(AIM OF THE EXERCISE)
Each line below from the one containing "Effortless Caramel Apple" through the one containing "Tattoo artist transforms" should be output exactly as it stands, and no other line should appear.

Dataset excerpts
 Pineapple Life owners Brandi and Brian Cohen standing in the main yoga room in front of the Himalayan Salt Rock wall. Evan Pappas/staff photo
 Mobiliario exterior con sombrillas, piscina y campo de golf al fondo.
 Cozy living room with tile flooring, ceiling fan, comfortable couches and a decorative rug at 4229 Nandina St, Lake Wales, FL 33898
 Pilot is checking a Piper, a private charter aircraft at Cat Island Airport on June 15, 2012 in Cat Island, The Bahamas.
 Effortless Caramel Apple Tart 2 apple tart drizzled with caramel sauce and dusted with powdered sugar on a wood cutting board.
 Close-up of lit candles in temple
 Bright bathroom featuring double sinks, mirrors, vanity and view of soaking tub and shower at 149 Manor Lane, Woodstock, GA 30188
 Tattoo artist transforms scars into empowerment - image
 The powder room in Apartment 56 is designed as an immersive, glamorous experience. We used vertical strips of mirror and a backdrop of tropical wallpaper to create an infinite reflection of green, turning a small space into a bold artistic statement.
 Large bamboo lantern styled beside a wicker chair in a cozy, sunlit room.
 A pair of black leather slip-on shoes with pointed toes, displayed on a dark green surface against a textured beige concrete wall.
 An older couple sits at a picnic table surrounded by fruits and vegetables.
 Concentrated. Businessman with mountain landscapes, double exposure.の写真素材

(TASK RESULT)
 Effortless Caramel Apple Tart 2 apple tart drizzled with caramel sauce and dusted with powdered sugar on a wood cutting board.
 Close-up of lit candles in temple
 Bright bathroom featuring double sinks, mirrors, vanity and view of soaking tub and shower at 149 Manor Lane, Woodstock, GA 30188
 Tattoo artist transforms scars into empowerment - image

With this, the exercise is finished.